START Extracted entries

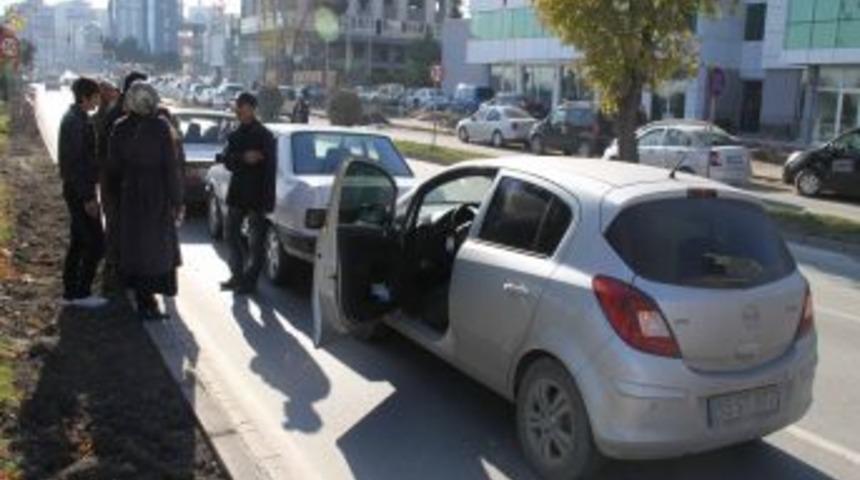 Samsun&rsquo;da zincirleme trafik kazasında 3 ara&ccedil; birbirine girdi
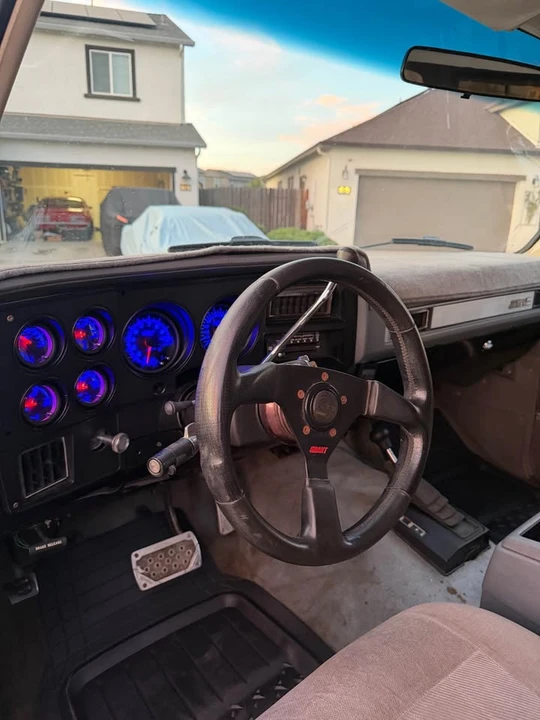 1987 GMC Jimmy 2nd Gen - Image 19 of 20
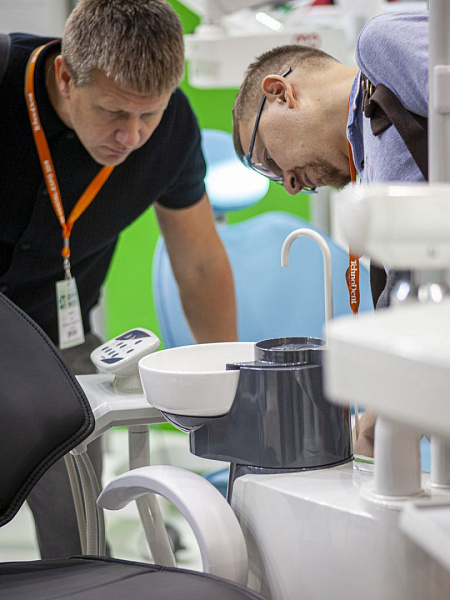 Стенд компании GREEN DENT на выставке Дентал-Экспо 2019_67.jpg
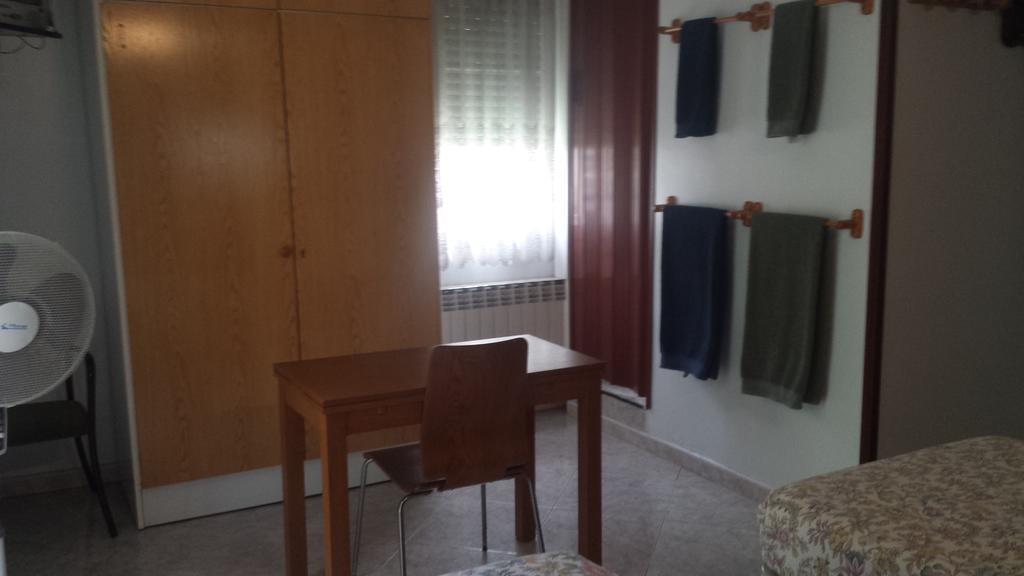 Hostal Porta De Ferro Sant Boi de Llobregat Εξωτερικό φωτογραφία
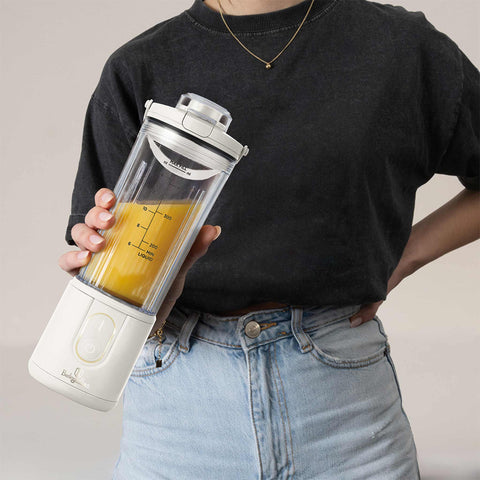 Product image of Cordless portable blender. Part of the Sahara Collection . Features: • Material: stainless steel, plastic • Power: 110 W • Capacity: 400 ml • Rechargeable battery: 2000mAh, 7,4 V • Charging time: 3 hours • Accessorie.... (Studio view). Official Berlinger Haus product, boosted by Promintra sl.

END Extracted entries

§ **Work request**:
Each entry above should be returned exactly as written, minus its pictures.

§ **The completed task**:
 Samsun&rsquo;da zincirleme trafik kazasında 3 ara&ccedil; birbirine girdi
 1987 GMC Jimmy 2nd Gen - Image 19 of 20
 Стенд компании GREEN DENT на выставке Дентал-Экспо 2019_67.jpg
 Hostal Porta De Ferro Sant Boi de Llobregat Εξωτερικό φωτογραφία
 Product image of Cordless portable blender. Part of the Sahara Collection . Features: • Material: stainless steel, plastic • Power: 110 W • Capacity: 400 ml • Rechargeable battery: 2000mAh, 7,4 V • Charging time: 3 hours • Accessorie.... (Studio view). Official Berlinger Haus product, boosted by Promintra sl.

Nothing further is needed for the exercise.